The courtyard also contained a well and sometimes a privy; still there in the examples we saw, though not still in use!
All pretty prosaic stuff – until you look up.

It’s the combination of colour and height and light and shape which makes these spaces so beautiful.

I mentioned earlier that luck played a part in the preservation of these buildings. For most of their existence, the stone of the buildings would have been soot-black so nowhere near as attractive as they are now.

More than once, the civic authorities were on the point of pulling them down; in the Fifties they came very close to being replaced by something becoming in concrete. But as the city became cleaner, the traboules emerged for the gems they are today.

If you carry on through the courtyard, there’s another passage leading to the adjacent street.
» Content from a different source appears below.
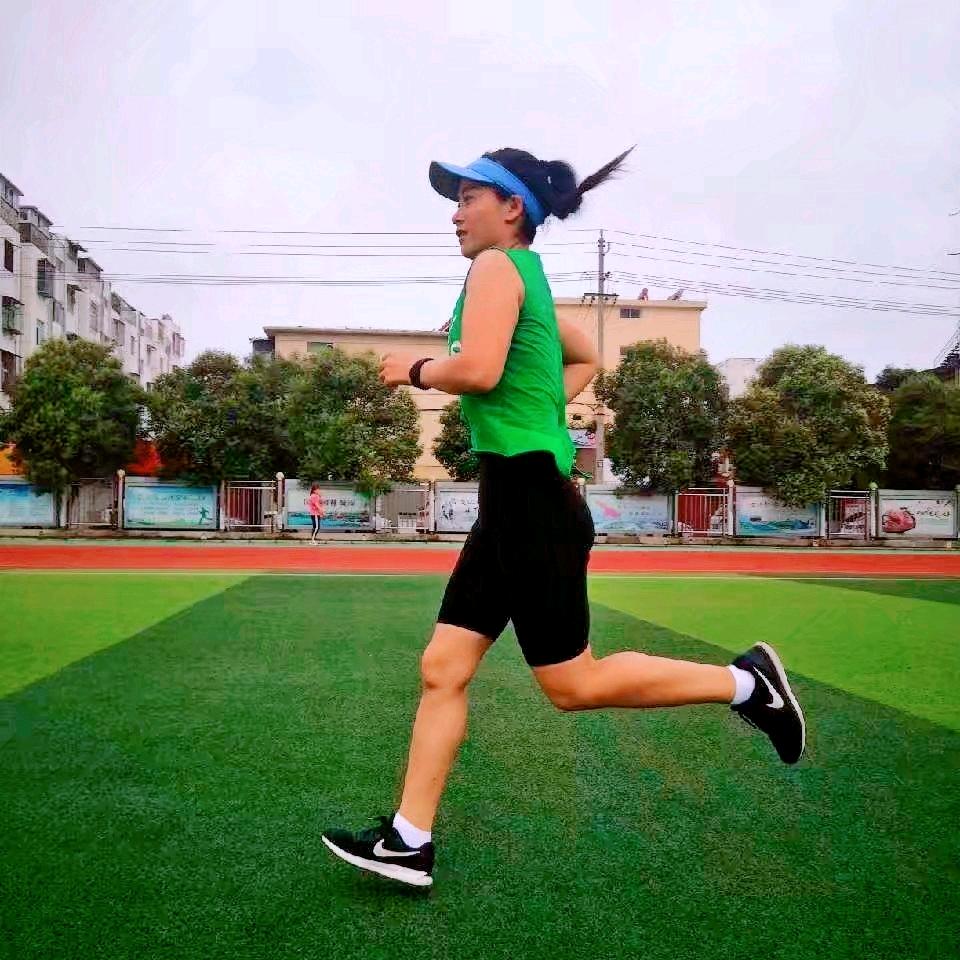 小雨爱上跑步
At the end of the tour, Annaliese sees us off with another jolly quip about Brexit. ActorLaddie and I drown our traboules and, after lunch, visit the basilica of Notre-Dame de Fourvière. It’s the church you can see in the middle of the photo below.

Difficult to imagine a more contrasting sort of beauty looking up – every inch highly decorated.

Then back to the digs, passing on the way this notice.

I need to finish this blog by saying thanks to all those who contacted me after Saturday’s unpleasantness with sympathies and offers of help. We really are fine but it’s jolly kind of you all.